The board made this decision even as it recognized that the right to assemble and to exercise free speech is “guaranteed by the United States Constitution and the North Carolina Constitution.”
Those rights are not absolute and may be subject to reasonable time, place and manner restrictions imposed by the university to protect public safety and university property, to minimize disruption of university operations and to afford assembly and free speech opportunities to other members of the university community and public.
Even though the chancellor and the board said they were worried about the safety of all students, their main concern seems have been making minorities feel comfortable on campus, free from offensive language they interpret as racist.

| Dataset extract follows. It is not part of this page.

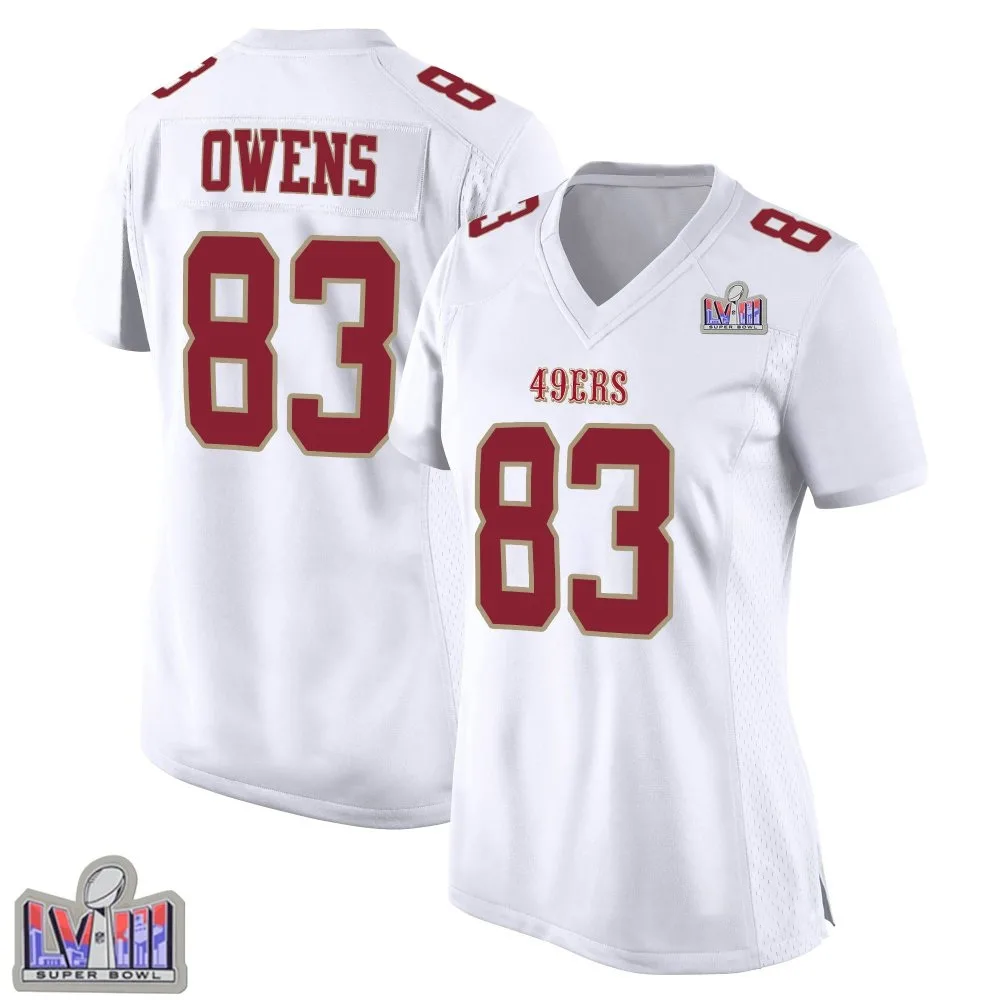 Women's San Francisco 49ers Terique Owens Nike Fashion Super Bowl LVIII Patch Game White Jersey Women's San Francisco 49ers Terique Owens Nike Fashion Super Bowl LVIII Patch Game White Jersey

This is evident from the chancellor’s letter on September 28, in which her primary focus is on proving “strong demonstrations of support for our underrepresented students.”
The adoption of these resolutions sends a strong signal from our top leadership that Appalachian values diversity of thought, belief and community, and is committed to fostering an environment that is supportive to all.
It’s also the focus of the chancellor’s first letter when she touted the school’s participation in “an internationally renowned Sustained Dialogue initiative, in order to engage members of the Appalachian Community in dialogues that cultivate strong, trusting relationships, foster respect for each individual and cultivate everyone’s ability to contribute to positive change.”
Diversity, inclusivity, and civility—not actual safety—seem to be the main concerns of the leadership at App State. Social engagement and creating a “safe” environment has now become an excuse to restrict free speech.
While it’s true that free speech isn’t absolute (you can’t yell “fire” in a crowded movie theater), protecting the feelings of minority students at a public university is not a cause for limiting that right.
The way to create an safe environment is to punish unlawful behavior. If someone makes a threat, investigate the incident and discipline them. As for anything else, including chalked political messages you don’t like, that’s just what living in a democracy looks like. It’s not always nice, it’s not always comfortable, and it’s not always civil. But it is free.